Tuesday, January 25, 2011

Is it not time to end the schism?

"Is Christ divided?" (1 Corinthians 1:13).

Today concludes the Week of Prayer for Christian Unity which runs from the feast of the Confession of St Peter (or "Chair of Peter") to the Conversion of St Paul. The octave of prayer began in the early 1900s with Franciscans in the Episcopal Church, the Society of the Atonement, who were searching for reconciliation with the See of Peter. They were reconciled in 1909.

This week, I was reflecting on the sermon series I gave over the course of last summer based on the catechism of the Prayer Book. If I were to one day become a Western-rite Orthodox priest or an Anglican-use Roman Catholic priest and want to pull this series out of my old files and deliver it again, I don't believe I would need to change a word of it (at least as far as statements of doctrine go).

I only mention it to point out how close we have come to Christian unity and yet how far away it still seems to be. We have overcome so many obstacles, and yet come up with new ones at the same time. God help his foolish people!

Is Christ divided? No. The truth is rather more bleak--we are divided from Christ. The timing of the octave of prayer reminds that unity is to be found when we return to the confession of Jesus as Lord and pursue unity with the continual conversion that knocked St Paul off his horse. It is time for us in the West to labor diligently to end our 450 year schism and for our eastern brethren to end their 1,000 year schism. We cannot do it on our own, but God will not bring it about if we harden our hearts to his will. Let us continue to pray for God's grace to accomplish his will.

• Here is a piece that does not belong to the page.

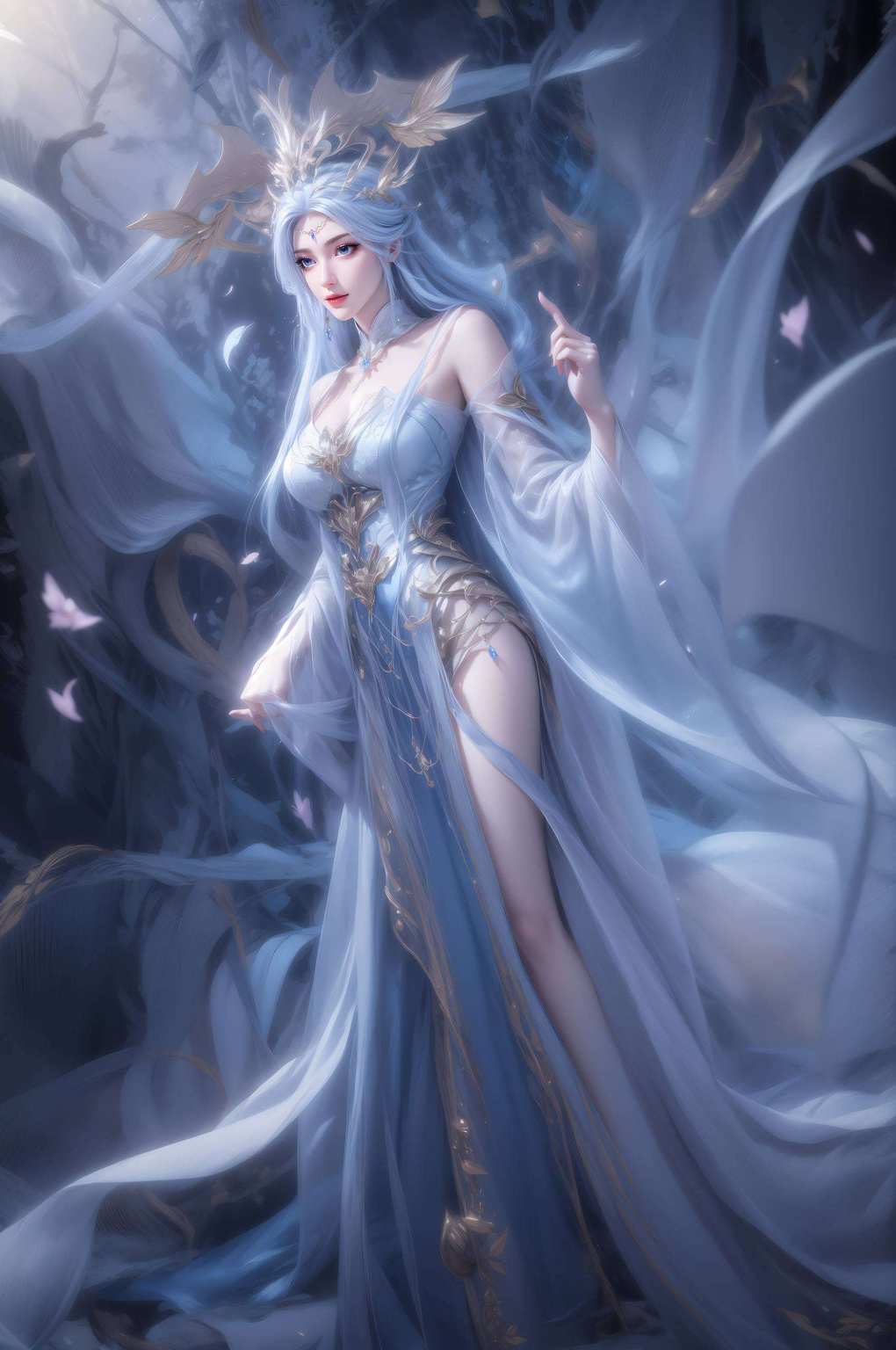 不仅美得让人心醉哎呀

"Listen to me, you who pursue righteousness, you who seek the LORD: look to the rock from which you were hewn" (Isaiah 51:1).

A Prayer for the Unity of the Church
O God the Father of our Lord Jesus Christ, our only Savior, the Prince of Peace: Give us grace seriously to lay to heart the great dangers we are in by our unhappy divisions; take away all hatred and prejudice, and whatever else may hinder us from godly union and concord; that, as there is but one Body and one Spirit, one hope of our calling, one Lord, one Faith, one Baptism, one God and Father of us all, so we may be all of one heart and of one soul, united in one holy bond of truth and peace, of faith and charity, and may with one mind and one mouth glorify thee; through Jesus Christ our Lord. Amen.


Anonymous said...

The Orthodox Catholic Church is not in "their schism".

Anastasia Theodoridis said...

Reconciliation is a two-way process. It isn't up to just one of the parties, as your wording implies.